Exactly. I want to "tell a story" with my commits, and that story is really more of an idealized retelling of what I actually did.

Five years from now, no one needs to know that I forgot to add that one line to a prior commit and had to add it separately, or that my first attempt didn't quite pan out as expected.

What that future person _will_ care about is:

- What final changes actually got made?

- What task was I working on?

- What was the reason for any of these changes in the first place?

- Why did I make some of these changes specifically to implement that task?

- What additional side info is important context for understanding the diffs?
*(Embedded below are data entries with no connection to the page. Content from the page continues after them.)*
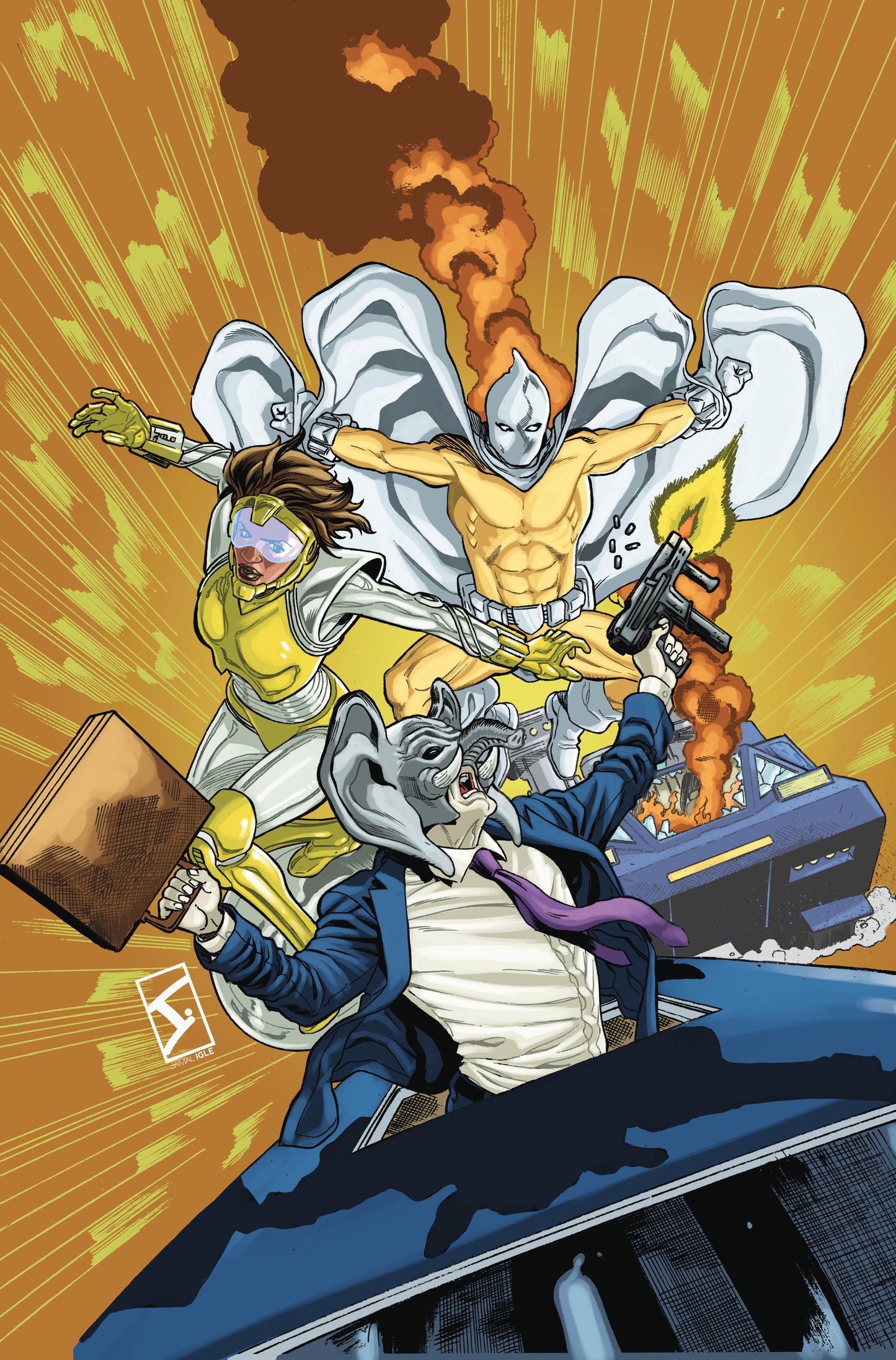 Center Holds #1 F Foc Reveal Variant (Dressed, Igle)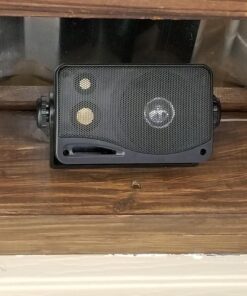 Pyle 3-way Mini Box Speaker System - 3.5 Inch 200 Watt Waterproof Marine Grade Mount Speakers - in a Heavy Duty ABS Enclosure Grill - Home, Boat, Poolside, Patio Indoor Outdoor Use (Black) Chimmy 37 7131cO2b33L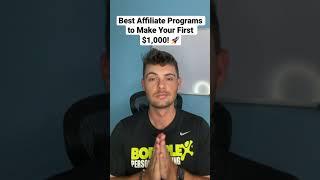 Best Affiliate Marketing Programs to Make $1,000 for Beginners 2021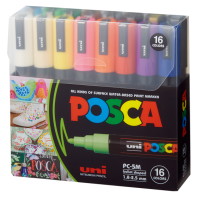UNI POSCA – PC 5M – 16 Colors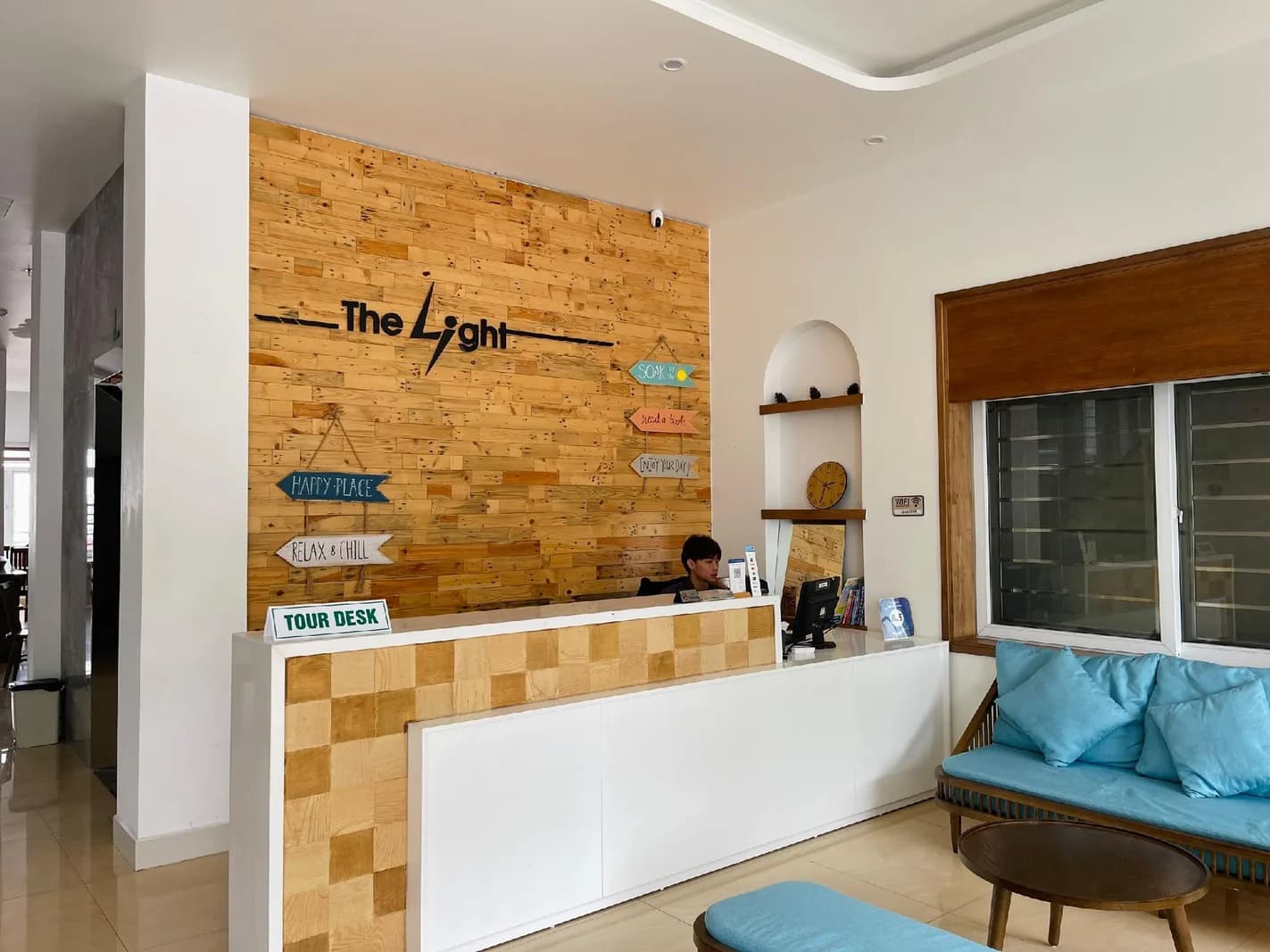 Quầy tour desk vịnh Hạ Long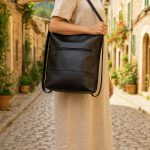 Multi-position Leather Backpack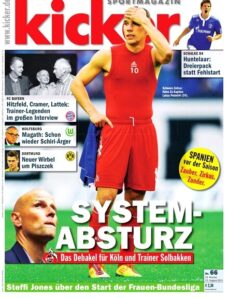 Kicker Sportmagazin (Germany) — 15 August 2011 #66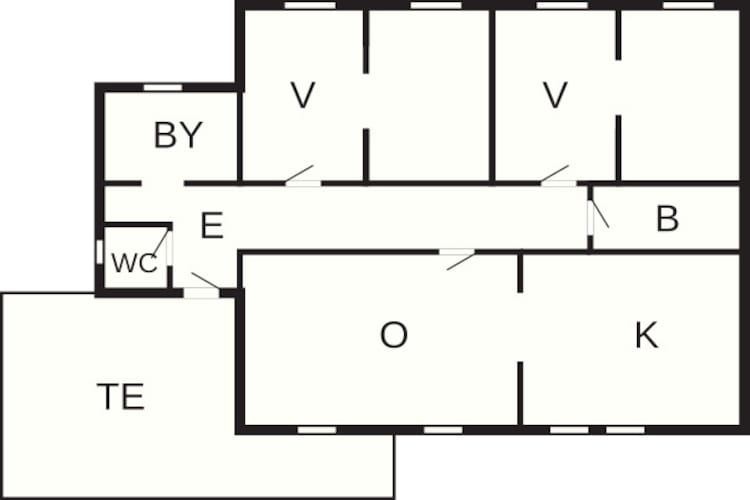 4 persoons vakantie huis in Austrheim-Plattegrond
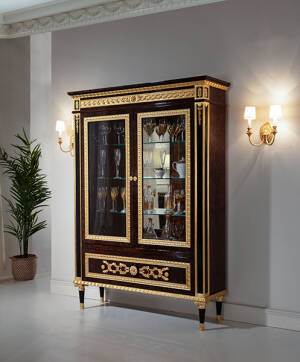 TM-8029 Neoclassical China Cabinet - Image 3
Exactly. It's also great to compartmentalize different aspects of your change.

Often my changes are

1. Refactor the existing code to support the new feature

2. Add the new feature

It's great to keep these separate, because someone can look at number 1 and see that the two versions of the code ought to be functionally the same (same tests pass, app looks the same, refactor is easy-to-understand), and look at number 2 and see the new feature.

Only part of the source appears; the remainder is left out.